An appreciation of sport requires an appreciation that such uncertainties are likely. An appreciation of these uncertainties is what drives individuals genuinely interested in Cricket to watch South Africa v England with as much interest as they would watch India v New Zealand. It is what stops viewers from being abusive towards sportsmen. Sadly though, ex-cricketers, with a few stray exceptions, have shown themselves to be from the same hackneyed mould. So have Cricket administrators.

With the result that the the Indian public, ex-cricketers and the Cricket administrators (with the few stray exceptions) have made a fool of themselves in the last 8-9 days of March. The lack of interest in Cricket has been exposed. Surplus chauvinism has been to the fore. TV Channels have been quick on the take – the more outrageous the demonstration, the more prominent the coverage. The more pointed a quote, the more obscure the source.

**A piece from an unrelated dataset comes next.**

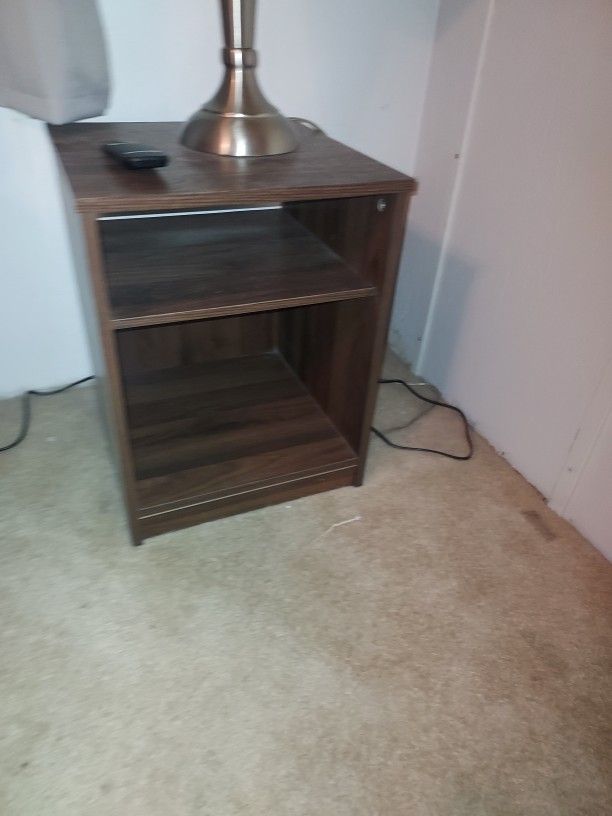 Bedroom Living Room Wood End Table 2 Shelves
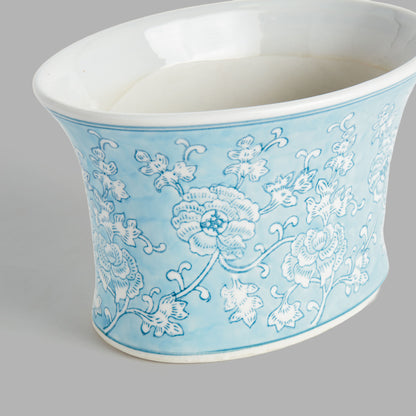 Chinoiserie light blue hand-painted porcelain small cachepot - stylish home accent (Image3).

Sport is supposed to be one of the few Win-Win propositions in the world. Yet, we in India have contrived to turn it into a Lose-Lose one. We have shown that we are quick to condemn – there by showing that we are unworthy of our cricketers. If we do hang on to them, it will be our good fortune. The BCCI has done very well to give the players some breathing space before calling them on April 6th.

Whatever the Cricket board decides, we will have reason only to be sorry – whichever way the decision goes with regard to the Coach and the Captain.